[PATCH, GCC/ARM] Rewire -mfpu=fp-armv8 as VFPv5 + D32 + DP
Thomas Preudhomme
thomas.preudhomme@foss.arm.com
Fri Jul 14 15:29:00 GMT 2017
Hi Richard,
I've committed the requested change as a separate patch to make it easier to
backport to earlier GCC versions.
Definition of __ARM_FEATURE_NUMERIC_MAXMIN checks for
TARGET_ARM_ARCH >= 8 and TARGET_NEON being true in addition to
TARGET_VFP5. However, instructions covered by this macro are part of
FPv5 which is available in ARMv7E-M architecture. This patch fixes the
macro to only check for TARGET_VFP5.
ChangeLog entry is as follows:
*** gcc/ChangeLog ***
* config/arm/arm-c.c (arm_cpu_builtins): Define
__ARM_FEATURE_NUMERIC_MAXMIN solely based on TARGET_VFP5.
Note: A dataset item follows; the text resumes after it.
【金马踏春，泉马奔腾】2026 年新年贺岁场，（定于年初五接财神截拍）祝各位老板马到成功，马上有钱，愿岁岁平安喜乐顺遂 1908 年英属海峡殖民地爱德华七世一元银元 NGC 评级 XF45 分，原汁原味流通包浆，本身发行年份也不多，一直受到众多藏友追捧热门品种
Built and confirmed that the macro is now defined when building with
-march=armv7e-m+fpv5 -mfloat-abi=hard.
Best regards,
Thomas
On 14/07/17 15:43, Richard Earnshaw (lists) wrote:
> On 14/07/17 09:20, Thomas Preudhomme wrote:
>> Hi,
>>
>> fp-armv8 is currently defined as a double precision FPv5 with 32 D
>> registers *and* a special FP_ARMv8 bit. However FP for ARMv8 should only
>> bring 32 D registers on top of FPv5-D16 so this FP_ARMv8 bit is
>> spurious. As a consequence, many instruction patterns which are guarded
>> by TARGET_FPU_ARMV8 are unavailable to FPv5-D16 and FPv5-SP-D16.
>>
>> This patch gets rid of TARGET_FPU_ARMV8 and rewire all uses to
>> expressions based on TARGET_VFP5, TARGET_VFPD32 and TARGET_VFP_DOUBLE.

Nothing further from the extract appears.